ABSTRACT Folate and vitamin B12 status, through their critical involvement in DNA synthesis and methylation, may be causally related to the risk of schizophrenia. However, associations with blood status measures may reflect reverse causation or inadequate control for confounders. We aimed to synthesize evidence on the possible causal link between folate/vitamin B12 status and schizophrenia using genetic variants as instrumental variables. MEDLINE, Embase, PsycINFO, and the Cochrane Database of Systematic Reviews were searched for Mendelian Randomization studies that investigated a causal relationship between genetic instruments for folate/vitamin B12 status and schizophrenia onset or progression. We assessed the risk of bias using the Newcastle Ottawa Scale. Odds ratios and 95% confidence intervals were estimated using random effects models. We found 34 case–control studies. None used a formal instrumental variable analysis. Most of the studies had high methodological quality for assessing genetic association. The methylenetetrahydrofolate reductase (MTHFR) polymorphisms (C677T, A1298C) were most studied and homozygosity for the variants showed significant positive associations with the risk of schizophrenia (OR677TT vs 677CC = 1.26 (1.03, 1.55) and OR1298CC vs 1298AA = 1.58 (1.17, 2.13)). Heterozygosity for the variants showed attenuated associations in the same direction as homozygosity.
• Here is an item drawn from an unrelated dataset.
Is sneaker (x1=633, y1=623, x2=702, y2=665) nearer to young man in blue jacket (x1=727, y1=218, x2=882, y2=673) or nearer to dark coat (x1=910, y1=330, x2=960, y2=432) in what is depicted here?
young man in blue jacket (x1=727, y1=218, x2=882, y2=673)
Subgroups of age, sex, ethnicity, and folic acid fortification implementation were mostly underpowered to detect effects with precision. Evidence on the association of MTHFR polymorphisms with schizophrenia symptoms or the relationship between other gene polymorphisms and the risk of schizophrenia was severely limited. We identified significant associations between the MTHFR C677T and A1298C polymorphisms and the risk of schizophrenia at an aggregate level.